There’s an app for that: Alberta farmer wins prize for live grain pricing app

An Alberta farmer had one goal in mind: to have up-to-date, easily accessible grain pricing information.
20678834_web1_200225-RDA-farmers-grain-buyers-app_1
Lynn Dargis, a former Olds College student, has launched Farmbucks, which is called the Expedia of grain prices. Photo credit Michelle Larmand

An Alberta farmer had one goal in mind: to have up-to-date, easily accessible grain pricing information.

So Lynn Dargis, a former Olds College student, made that available for every farmer in Western Canada.

Farmers are able to compare live bids and look at price history through a subscription to Farmbucks – available through website or app.

The former central Alberta student said Farmbucks is an Expedia of grain prices.
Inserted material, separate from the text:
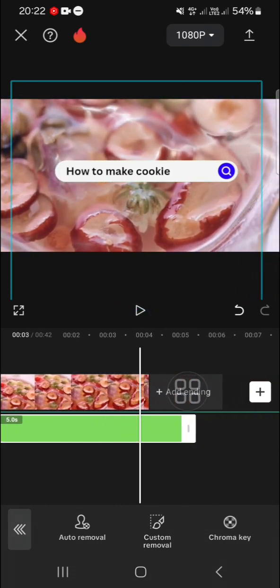That's how we can create a search bar overlay for your edit using Canva. I hope this video will be useful for you. Thank you so much for watching and see you in the next video.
The platform makes it easy to see at any time where the top pricing opportunities are, and who they’re coming from, connecting buyers and sellers.

“Grain prices are changing every minute, and each grain buyer has their own price that they offer farmers, so it’s pretty complex,” she said.
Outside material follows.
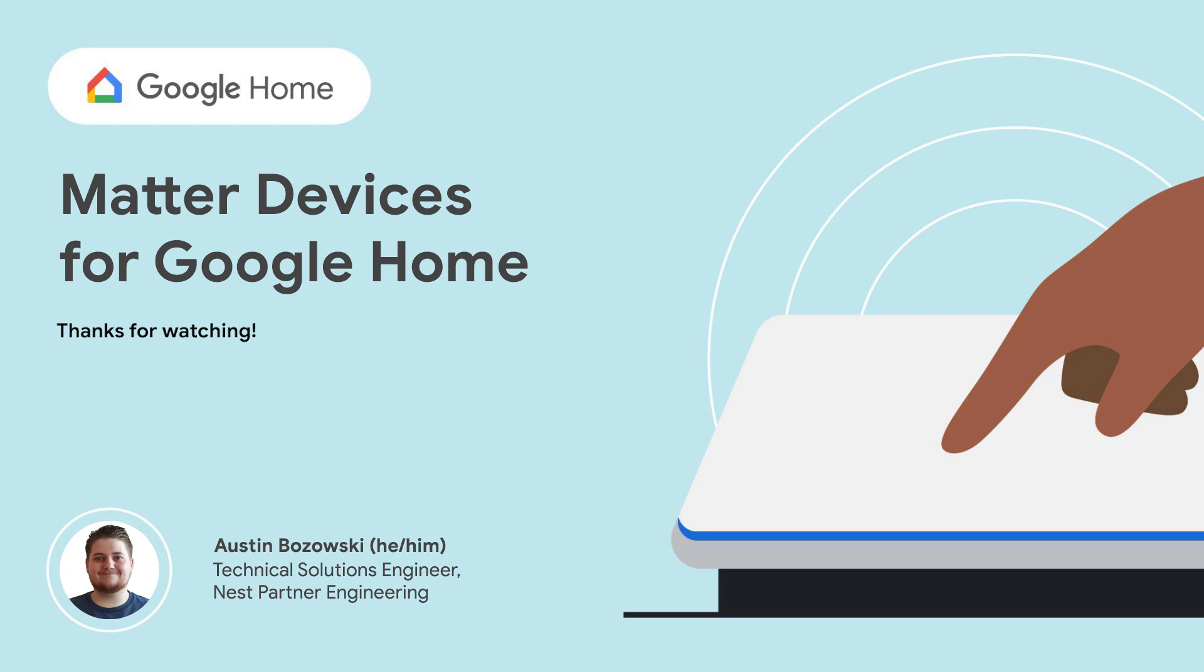This concludes our exploration of the tools and processes fundamental to the development experience of Matter devices for Google Home. We hope that you enjoyed watching this video and are excited by the Matter Protocol's integration into Google Home. As a reminder, the tools on display throughout this video will be available in late June. Please continue referring to the Google Home Developer Center for more information on availability, timelines, and documentation.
“The app or website sorts prices for farmers, according to the location, and the search radius around them,” she said.

The idea came to Dargis out of necessity, because she was frustrated searching or calling for prices every day.

“I just didn’t have the time required. We’re out there working in the fields, because I’m a farmer and I grow cattle and I have cattle, too,” the wife and the mother of three said.
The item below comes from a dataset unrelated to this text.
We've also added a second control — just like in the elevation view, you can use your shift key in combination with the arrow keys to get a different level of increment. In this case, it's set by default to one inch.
The 33-year-old said nothing like Farmbucks existed, at least not in Western Canada, according to her research.

“Because price transparency isn’t standard in agriculture just yet.”

Farmbucks covers grain products such as wheat, canola, oats, barley, rye – almost all grains grown in the Prairies. The platform doesn’t have cattle prices just yet, but there are plans to cover that as well, Dargis said.

Farmbucks was launched about eight months ago, and so far, there are more than 1,700 subscribers to the service.

“Farmers are loving it. They just want more. They want to see every offer that’s available to them – it doesn’t matter who it’s coming from – on there, so we’re building up to be there.

“It’s a process, but we’re getting there,” she said.

Dargis was recently awarded the $25,000 grand prize at the Forum for Women Entrepreneurs’ Pitch for the Purse Finale during an annual gala in Vancouver for Farmbucks.

The top three finalists, including Dargis, were chosen among 14 companies, which were picked from more than 200 applications across Canada to present their pitches at semi-final events in Toronto and Vancouver last November.